Seqanswers Leaderboard Ad

Collapse

Announcement

Collapse
No announcement yet.
X
 
  • Filter
  • Time
  • Show
Clear All
new posts

  • why can't I get alignment with BWA?

    What's the general steps to align a set of reads to ref?
    Is the flowing right?
    1.build index -> bwa index -c -a is ecoli.fa
    2.convert csfasta and correspond qual file into fastq
    3.Find the SA coordinates of the input reads -> bwa aln -n 3 -t 4 -M 3 -c ecoli.fa t_ecoli.fastq >map.sai
    4.Generate alignments in the SAM format given single-end reads -> bwa samse -n 1 ecoli.fa map.sai t_ecoli.fastq >map.sam
    Do as the above, I get a sam file with no reads mapped. All the 25000 items have flag 4.
    What's more, I have 50000 reads in the input fastq file, why does it only process 25000?
    If I delete one read form the fastq file, BWA will process 24999 reads. Why?
    And what is the bwasw for?
    Thank you !
    Last edited by gigigou; 09-06-2012, 05:54 AM.

  • #2
    I think in step 3 you are missing the output character. It should be:

    bwa aln -n 3 -t 4 -M 3 -c ecoli.fa t_ecoli.fastq > map.sai

    See if that helps

    Comment


    • #3
      Originally posted by jimmybee View Post
      I think in step 3 you are missing the output character. It should be:

      bwa aln -n 3 -t 4 -M 3 -c ecoli.fa t_ecoli.fastq > map.sai

      See if that helps
      Oh, sorry that I missed the ">" in the post, but I did add it in the command line.
      So it can't be the reason.
      Actually I do get the align file, but in the file I find there is no mapped items. All the 25000 reads are reported unmapped.
      thank you all the same

      Comment


      • #4
        Originally posted by gigigou View Post
        What's the general steps to align a set of reads to ref?
        Is the flowing right?
        1.build index -> bwa index -c -a is ecoli.fa
        2.convert csfasta and correspond qual file into fastq
        3.Find the SA coordinates of the input reads -> bwa aln -n 3 -t 4 -M 3 -c ecoli.fa t_ecoli.fastq >map.sai
        4.Generate alignments in the SAM format given single-end reads -> bwa samse -n 1 ecoli.fa map.sai t_ecoli.fastq >map.sam
        Do as the above, I get a sam file with no reads mapped.
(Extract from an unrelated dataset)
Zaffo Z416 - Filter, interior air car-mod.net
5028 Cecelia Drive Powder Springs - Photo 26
All the 25000 items have flag 4.
        What's more, I have 50000 reads in the input fastq file, why does it only process 25000?
        If I delete one read form the fastq file, BWA will process 24999 reads. Why?
        And what is the bwasw for?
        Thank you !
        You are making a color space index, but converting your reads to fastq? Are you sure that's right?

        Comment


        • #5
          I agree with swbarnes, after creating the color-space index then give bwa the color-space input file and not a nucleotide file.

          Comment


          • #6
            Originally posted by swbarnes2 View Post
            You are making a color space index, but converting your reads to fastq? Are you sure that's right?
            The reads are converted into fastq format, but they are still in color space
            @SRR001354.lite.sra.1 461_28_1048
            T23331323333132332323133333332333232
            +
            %%%%%%%%%%%%%%%%%%%%%%%%%%%%%%%%%%%

            I tried to input the original csfasta file, it processed 50000 reads, but still with no reads mapped.
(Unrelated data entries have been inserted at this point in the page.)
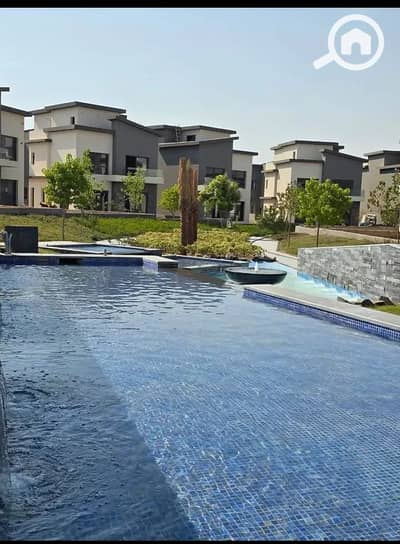 3 Bedroom Villa for Sale in New Cairo, Cairo - WhatsApp Image 2025-10-12 at 3.46. 20 PM. jpeg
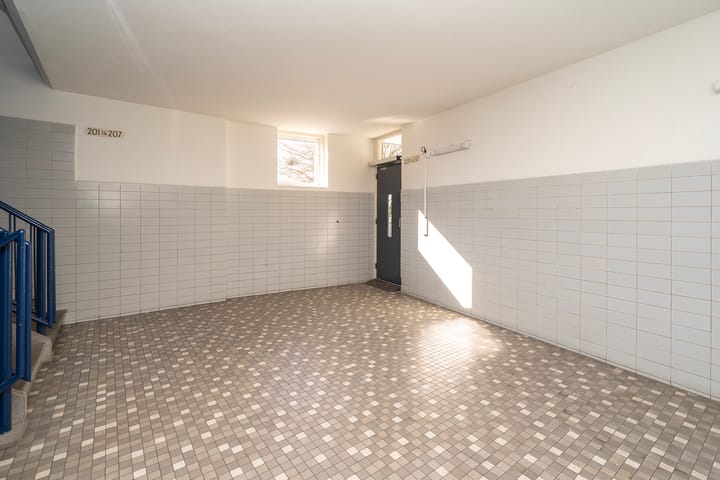 Foto 13 van Predikherenlaan 205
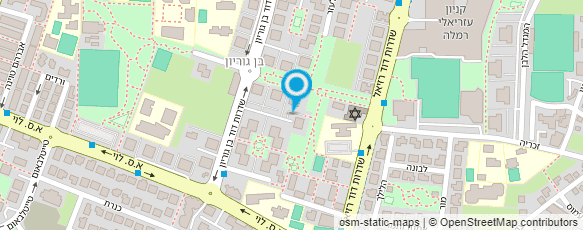 מפת הגעה אל קנו שיפוצים מפת הגעה אל קנו שיפוצים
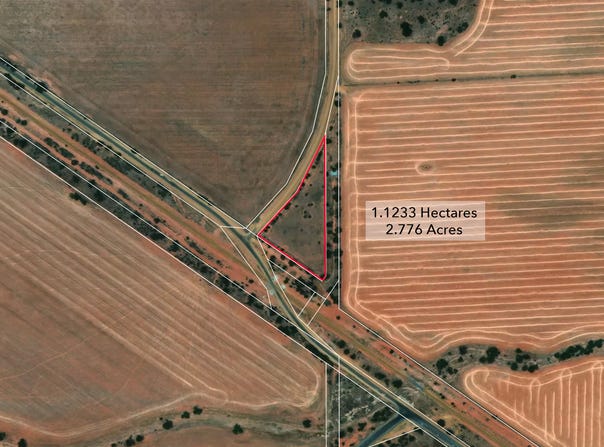 McGregor Road, Mukinbudin, WA 6479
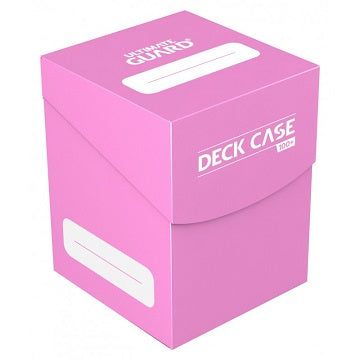 Ultimate Guard Deck Box 100+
            50000 + 0 in total (QC-passed reads + QC-failed reads)
            0 + 0 duplicates
            0 + 0 mapped (0.00%:-nan%)
            0 + 0 paired in sequencing
            0 + 0 read1
            0 + 0 read2
            0 + 0 properly paired (-nan%:-nan%)
            0 + 0 with itself and mate mapped
            0 + 0 singletons (-nan%:-nan%)
            0 + 0 with mate mapped to a different chr
            0 + 0 with mate mapped to a different chr (mapQ>=5)

            Comment


            • #7
              Originally posted by westerman View Post
              I agree with swbarnes, after creating the color-space index then give bwa the color-space input file and not a nucleotide file.
              In the fsatq file that converted from csfasta, the reads are still in color space, as above.

              Comment


              • #8
                Since we do not have access to your files it is hard to troubleshoot problems. But a couple of pieces of general advice in troubleshooting a problem:

                1) Do not use any non-standard options; e.g., try 'aln' and 'samse' without any parameters.
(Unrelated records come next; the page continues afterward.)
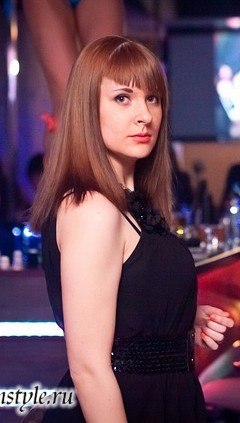 Anna Savicheva | Санкт-Петербург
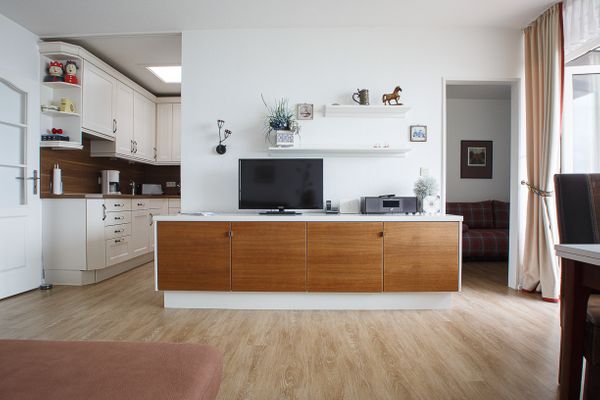 Haus Uthlande Uthlande Whg. 51 Meeresbrise Föhr  Die Grüne Insel - 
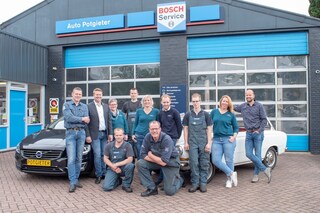 Autobedrijf Potgieter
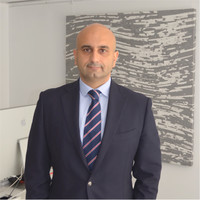 Berk Yalcin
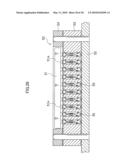 CONTACT AND ELECTRICAL CONNECTING APPARATUS diagram and image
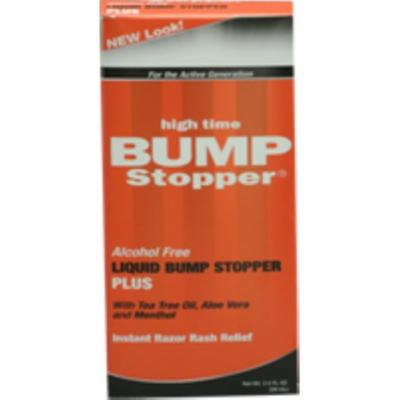 High Time Liquid Bumper Stopper Plus, 2 oz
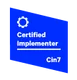 Cin7 Implementer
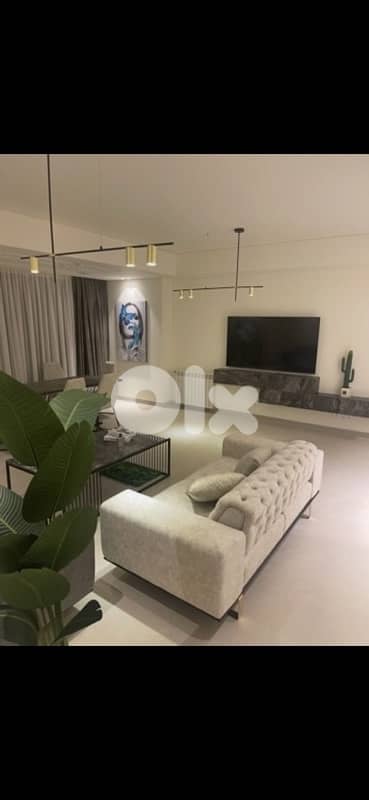 apartment for rent Dekwaneh hot deal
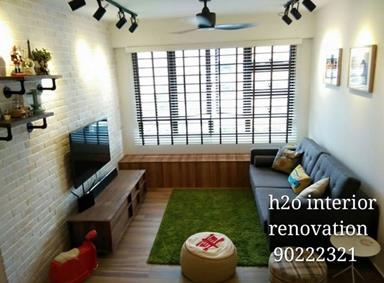 image for Beautiful Renovation Projects Under ,000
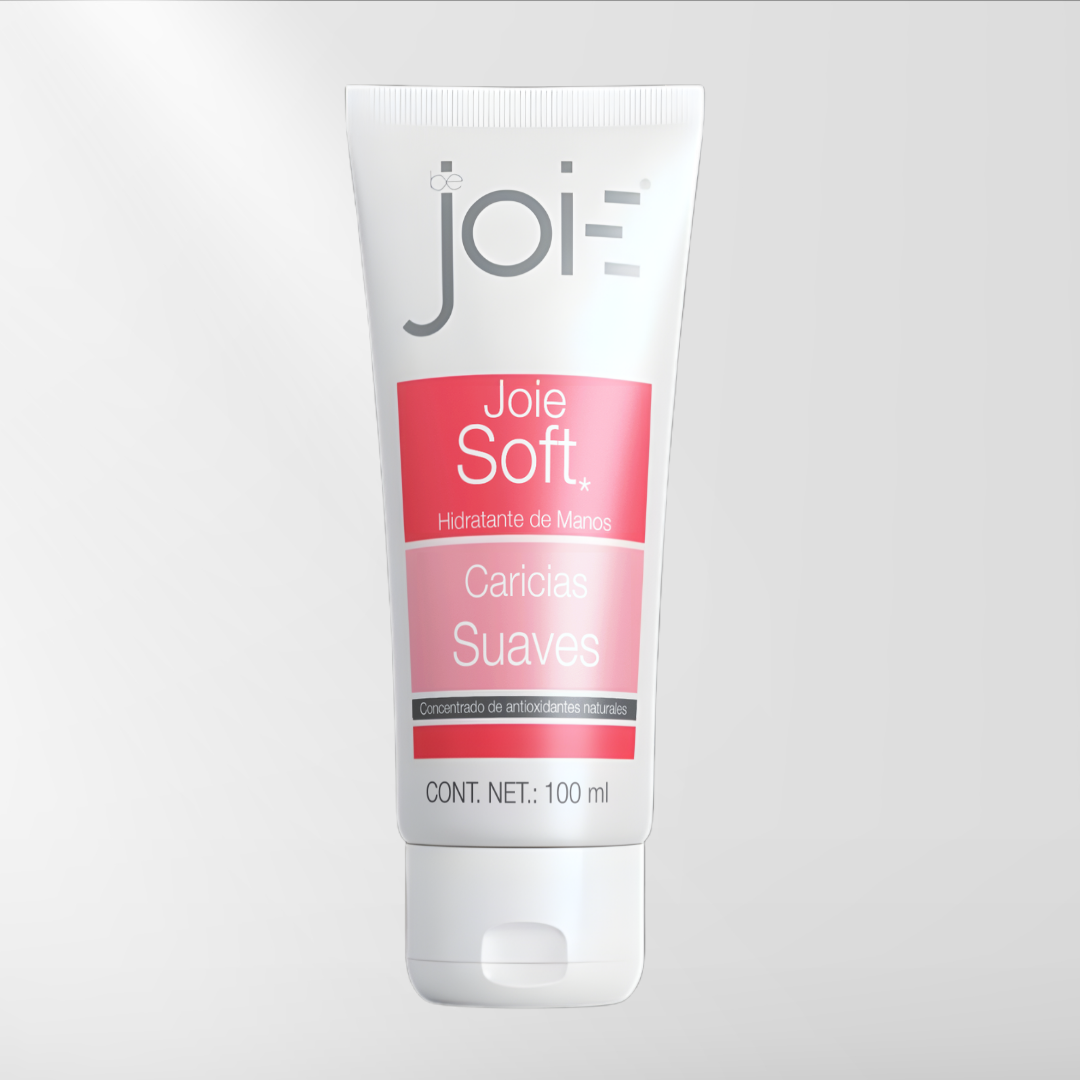 Joie Soft Crema para Manos Hidratante y Anti-Edad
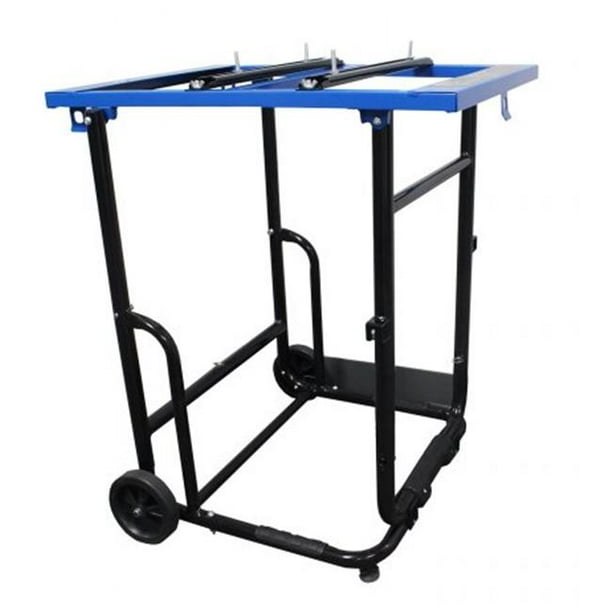 Maxtech Consumer Products 77700MX Dual Height Power Tool Stand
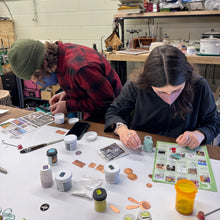 Load image into Gallery viewer, Summer Camp at The Toolbox - Teens Week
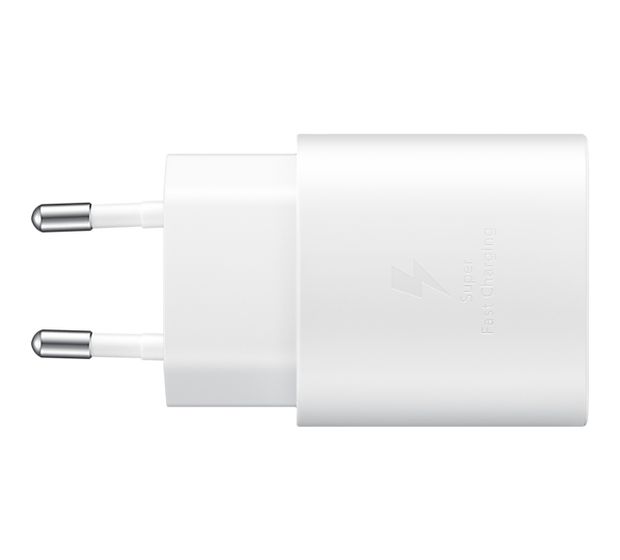 Samsung EP-TA800NWEGEU f&uuml;r 14,99 Euro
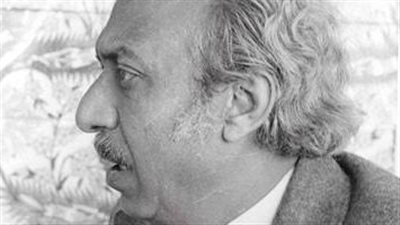 بيت الشعر يحتفي بالذكرى الأربعين لصلاح عبد الصبور 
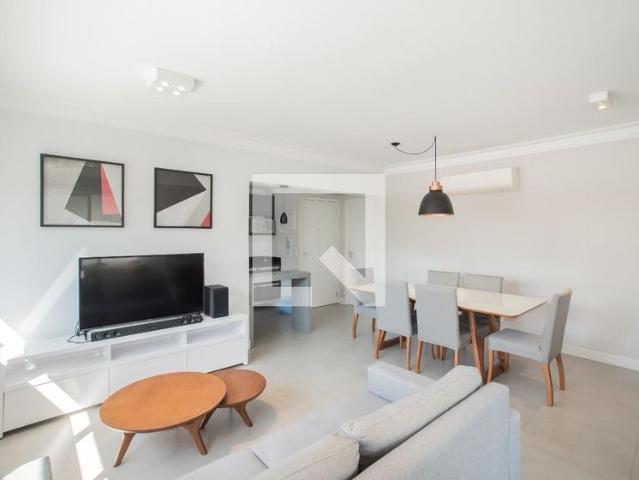 Apto, Vila Clementino, 3 Quartos, 89 m2 São Paulo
                2) Try a smaller input file. Especially one with a known-to-be-good sequence. In other words take a bit of your ecoli reference and make it into a color-space read.

                Good luck in solving this.

                Comment


                • #9
                  Provided you have done what others have already suggested before ...

                  (and this may be a stupid suggestion) but are you sure the data you have is from your samples (i.e. there was no mix-up at the place where got it sequenced).

                  Comment


                  • #10
                    Originally posted by westerman View Post
                    Since we do not have access to your files it is hard to troubleshoot problems. But a couple of pieces of general advice in troubleshooting a problem:

                    1) Do not use any non-standard options; e.g., try 'aln' and 'samse' without any parameters.

                    2) Try a smaller input file. Especially one with a known-to-be-good sequence. In other words take a bit of your ecoli reference and make it into a color-space read.

                    Good luck in solving this.
                    Thank you.
                    All the parameters are specified as the manual says.
                    I think the input file is small enough, only 50000 reads.
                    Thank you for your help.
                    I'll look into it.

                    Comment


                    • #11
                      Originally posted by GenoMax View Post
                      Provided you have done what others have already suggested before ...

                      (and this may be a stupid suggestion) but are you sure the data you have is from your samples (i.e. there was no mix-up at the place where got it sequenced).
                      I think the data is not the problem cause I have used other align tools to do the alignment, and they all give perfect results. So I think the problem is BWA, maybe I didn't specify the parameters properly, I'll try to solve it.
                      Thank you!

                      Comment


                      • #12
                        I have solved the problem.
                        In step 2, the file's name should be specified as the pl says.
                        But I think it is a little inconvenient, so I modified the pl to let it work more efficiently.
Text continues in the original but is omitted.